Monday, October 8, 2012

Ghosts of Fashion


Chances are, if you regularly view fashion editorials, you’ve seen an old, stuck-in-the 1950s, ghost-town-like set known at the Four Aces. Maybe you’ve even declared how tired you’ve become with yet another lonely desert theme that looks exactly like the last lonely desert theme.   And chances are you might be right, they do look the same because they were all shot at the Four Aces.


The first few times I saw editorials shot there, sure, they looked cool.  Really cool. But with each new one I saw,  I grew bored and critical of editors who couldn’t put their creative talent to use to find something new.  Something different.  Something not that.

But then, literally one day, I had a change of heart.  The Four Aces suddenly became, after all the repetition, special.  It became an iconic location for fashion shoots.  Places like Paris or NYC are iconic of course too—way iconic.  But they’re known and are famous for many different reasons.  Fashion editorials may use and enjoy Paris’ iconic-ness, but so too can a tourist post-card or a bus tour travel brochure.

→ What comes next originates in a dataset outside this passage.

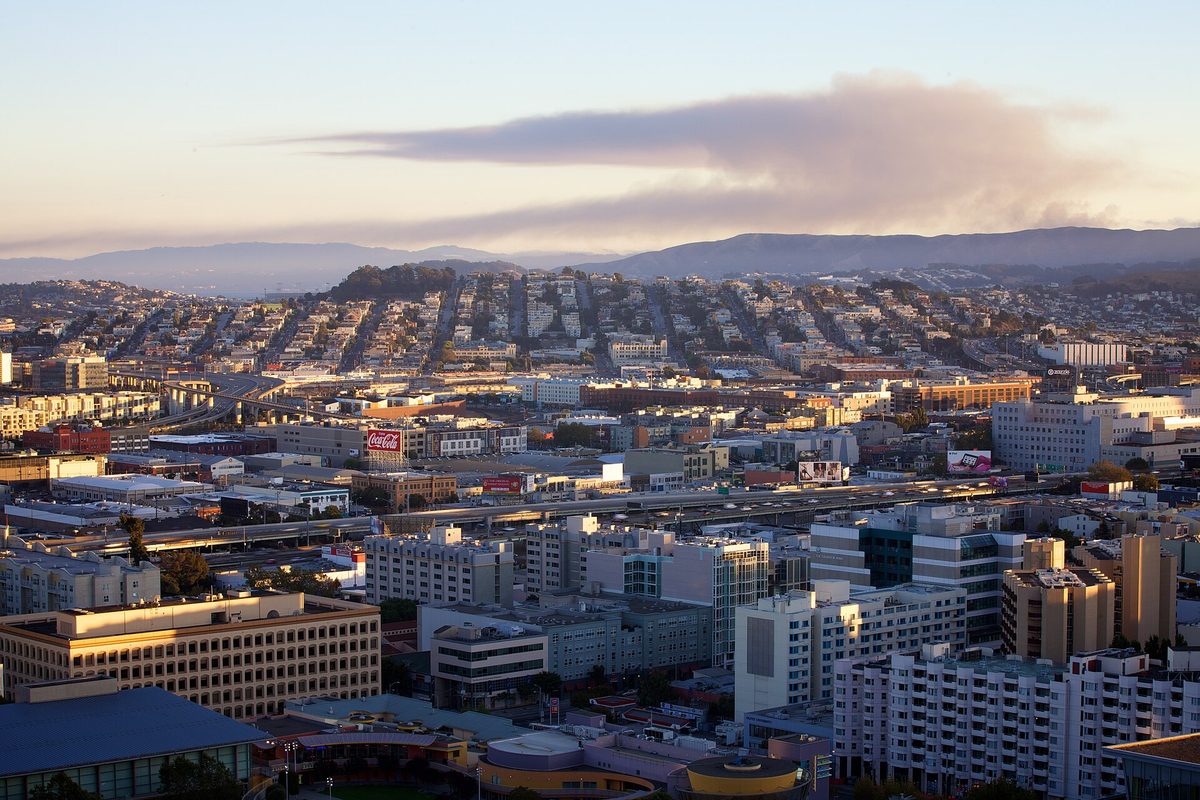 Hillside rows of houses and city blocks at dusk with a long plume of smoke on the horizon, taken on the evening of the 2010 San Bruno fire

But the Four Aces?  Fashion has that all to itself.  Or just about, as movie productions sometimes use it too, but in a disguised and dressed up way. 

Fashion uses it just as it sits there, as a little oasis of cool in the hot desert.  And as each new year brings new collections on by the Four Aces for a visit, they join the collective remnants of past years’ collections there,  soon to join them as ghosts of fashion seasons past.